09.17.2003 - 1:52 p.m.
It occurred to me this morning while I was in the shower that tomorrow is liberation day, my annual personal holiday celebrating the day I quit my job at Providian Financial and released myself from the clutches of corporate phone answering horror and eventually began my life as a pizza man.. that's neither here nor there, the fact is that day by quitting that job I changed the course of my life and that's important. So since I was thinking about that I decided to come back on here and read some of the first entries of my diary here, which started just a couple days after I quit my job, while I was in Vegas with Carl for his wedding. Reading about it I felt like I was back in that time again, I remember the details. It's weird. It made me really miss my friendship with Carl and Anna. The time when they dumped my ass was just a fucked up time in my life. I might not have been the friend they needed and I understand that, but it still seems drastic to totally end a friendship over it. At that time I was getting ready to move to Portland and was totally fucking confused and stressed out about everything, and to top it off Jenn and I was in the middle of not knowing if we were breaking up or not and I was spending all my time trying to get that back together or face the possibility of not only losing the girl I was in love with but also moving to Portland completely alone. It was a time where I felt like I was a crumbling shell of a human and to top it off two of my closest friends decided they didn't want to be friends with me anymore. Girlfriend breaking up with me, friends breaking up with me, selling my car and quitting my job and getting rid of most of my furniture so I could move to a city where I knew only one person and had no idea what the hell I was going to do. It was a fucked up time.
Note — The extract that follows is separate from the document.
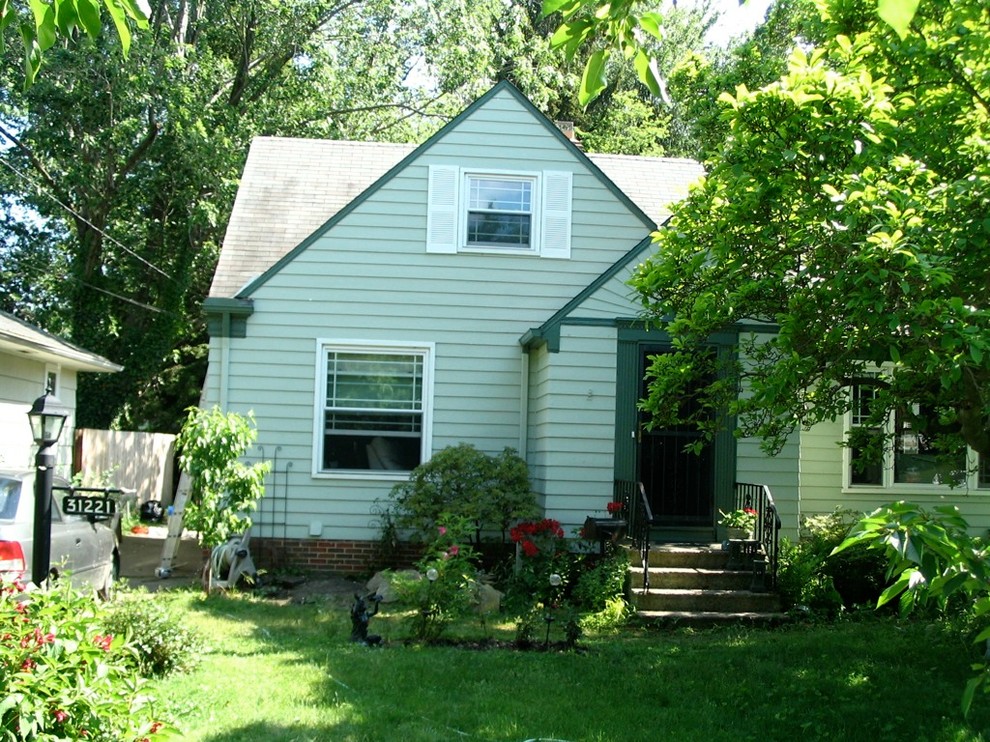 На фото: маленький, одноэтажный, зеленый дом в классическом стиле с комбинированной облицовкой для на участке и в саду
I seem to have lost my train of thought. Speaking of anniversaries, the 21st is pretty much the anniversary of me starting my diary, it'll be three years this sunday. It's also the anniversary of Jenn and I breaking up a year ago, when I didn't tell any of my family or friends about it. But hey, we're together now, and we're nothing like we used to be. Every day I'm so happy that we're together and our relationship is just good and normal and not chaotic at all. It's good to be done with all those bad times. Who knew that moving in together would make all the difference.
Well, I think I'm going to go to the store and stuff. Hey, it's cold enough that I'm wearing long pants today. Autumn just showed up out of nowhere this year.